_INPUT FOR THIS TASK:_
++++++++++

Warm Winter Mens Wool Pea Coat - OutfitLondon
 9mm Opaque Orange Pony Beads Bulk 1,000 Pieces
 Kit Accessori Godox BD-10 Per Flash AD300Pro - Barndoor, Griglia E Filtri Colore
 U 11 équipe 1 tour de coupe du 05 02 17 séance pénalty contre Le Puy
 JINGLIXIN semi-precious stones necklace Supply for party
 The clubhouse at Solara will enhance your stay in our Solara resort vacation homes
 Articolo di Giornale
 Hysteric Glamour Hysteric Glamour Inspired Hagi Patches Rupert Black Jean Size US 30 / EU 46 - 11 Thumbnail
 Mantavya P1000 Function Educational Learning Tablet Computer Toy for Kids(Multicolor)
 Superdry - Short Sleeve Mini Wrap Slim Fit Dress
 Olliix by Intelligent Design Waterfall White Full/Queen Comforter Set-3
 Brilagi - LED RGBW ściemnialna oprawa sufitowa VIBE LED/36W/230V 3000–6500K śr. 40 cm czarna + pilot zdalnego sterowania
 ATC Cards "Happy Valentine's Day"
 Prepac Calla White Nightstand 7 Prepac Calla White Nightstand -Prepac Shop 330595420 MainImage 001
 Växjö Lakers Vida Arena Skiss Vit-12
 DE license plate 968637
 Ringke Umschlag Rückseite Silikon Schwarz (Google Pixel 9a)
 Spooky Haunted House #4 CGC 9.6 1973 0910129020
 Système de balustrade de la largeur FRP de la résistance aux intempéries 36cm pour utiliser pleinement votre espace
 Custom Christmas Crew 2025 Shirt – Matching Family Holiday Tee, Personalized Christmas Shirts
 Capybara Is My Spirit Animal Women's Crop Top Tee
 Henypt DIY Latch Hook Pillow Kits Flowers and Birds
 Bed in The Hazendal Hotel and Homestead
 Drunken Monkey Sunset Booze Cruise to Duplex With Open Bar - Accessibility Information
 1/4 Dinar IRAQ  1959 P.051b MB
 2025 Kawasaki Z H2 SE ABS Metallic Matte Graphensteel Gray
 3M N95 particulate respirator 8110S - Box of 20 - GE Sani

++++++++++

_TASK TO COMPLETE:_
Type out the entries once more, precisely.

_REPLY TO THE EXERCISE:_
Warm Winter Mens Wool Pea Coat - OutfitLondon
 9mm Opaque Orange Pony Beads Bulk 1,000 Pieces
 Kit Accessori Godox BD-10 Per Flash AD300Pro - Barndoor, Griglia E Filtri Colore
 U 11 équipe 1 tour de coupe du 05 02 17 séance pénalty contre Le Puy
 JINGLIXIN semi-precious stones necklace Supply for party
 The clubhouse at Solara will enhance your stay in our Solara resort vacation homes
 Articolo di Giornale
 Hysteric Glamour Hysteric Glamour Inspired Hagi Patches Rupert Black Jean Size US 30 / EU 46 - 11 Thumbnail
 Mantavya P1000 Function Educational Learning Tablet Computer Toy for Kids(Multicolor)
 Superdry - Short Sleeve Mini Wrap Slim Fit Dress
 Olliix by Intelligent Design Waterfall White Full/Queen Comforter Set-3
 Brilagi - LED RGBW ściemnialna oprawa sufitowa VIBE LED/36W/230V 3000–6500K śr. 40 cm czarna + pilot zdalnego sterowania
 ATC Cards "Happy Valentine's Day"
 Prepac Calla White Nightstand 7 Prepac Calla White Nightstand -Prepac Shop 330595420 MainImage 001
 Växjö Lakers Vida Arena Skiss Vit-12
 DE license plate 968637
 Ringke Umschlag Rückseite Silikon Schwarz (Google Pixel 9a)
 Spooky Haunted House #4 CGC 9.6 1973 0910129020
 Système de balustrade de la largeur FRP de la résistance aux intempéries 36cm pour utiliser pleinement votre espace
 Custom Christmas Crew 2025 Shirt – Matching Family Holiday Tee, Personalized Christmas Shirts
 Capybara Is My Spirit Animal Women's Crop Top Tee
 Henypt DIY Latch Hook Pillow Kits Flowers and Birds
 Bed in The Hazendal Hotel and Homestead
 Drunken Monkey Sunset Booze Cruise to Duplex With Open Bar - Accessibility Information
 1/4 Dinar IRAQ  1959 P.051b MB
 2025 Kawasaki Z H2 SE ABS Metallic Matte Graphensteel Gray
 3M N95 particulate respirator 8110S - Box of 20 - GE Sani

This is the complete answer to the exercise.